Text Extraction & Whitespace

Text Extraction

Handling text in a markup compiler is deceptively complex. Vyasac isolates this logic in src/utils.rs via the extract_text function.

The Problem

When extracting “text” from a node tree, we might want:

Plain Text: For titles, metadata, or search indexing.
HTML Fragment: For embedding in attributes or specific output contexts.

Additionally, concepts like SegmentBreak (newline) need different representations in each mode.

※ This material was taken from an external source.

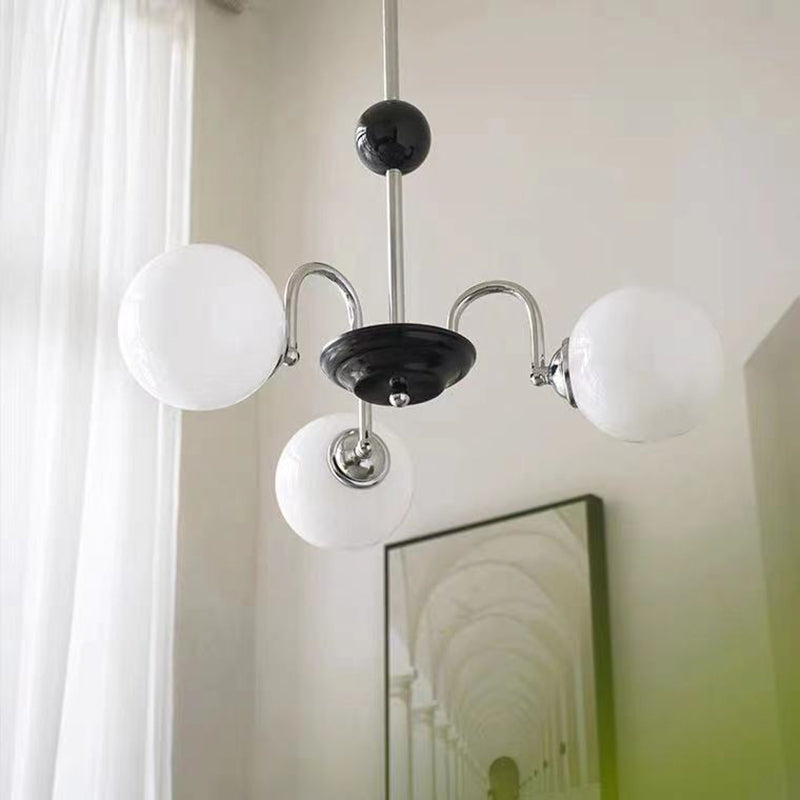 Modern Simplicity Round Ceiling Chandelier Milk Glass Hanging Light for Living Room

Implementation: `utils::extract_text`

The signature is:

pub fn extract_text(nodes: &[Node], mode: &ExtractMode) -> String

ExtractMode

pub enum ExtractMode {
    Plain, // Breaks become ' ', tags are stripped
    Html,  // Breaks become '<br />', tags are preserved?? (Actually assumes content)
}

Plain Mode: SegmentBreak converts to a space . This ensures that a multi-line title in source:
```
`title {
    The
    Bhagavad Gita
}
```
becomes "The Bhagavad Gita" and not "TheBhagavad Gita".
Html Mode: SegmentBreak converts to <br />.

Whitespace Stripping

By default, the compiler strips “insignificant” whitespace (whitespace-only text nodes that contain newlines) to keep the AST clean. Exceptions:

Inline Whitespace: “Hello World” (space preserved).
Preserve Mode: Commands defined with whitespace="preserve" (e.g., code, pre) opt-out of stripping.

This logic resides in src/pipeline.rs (strip_whitespace).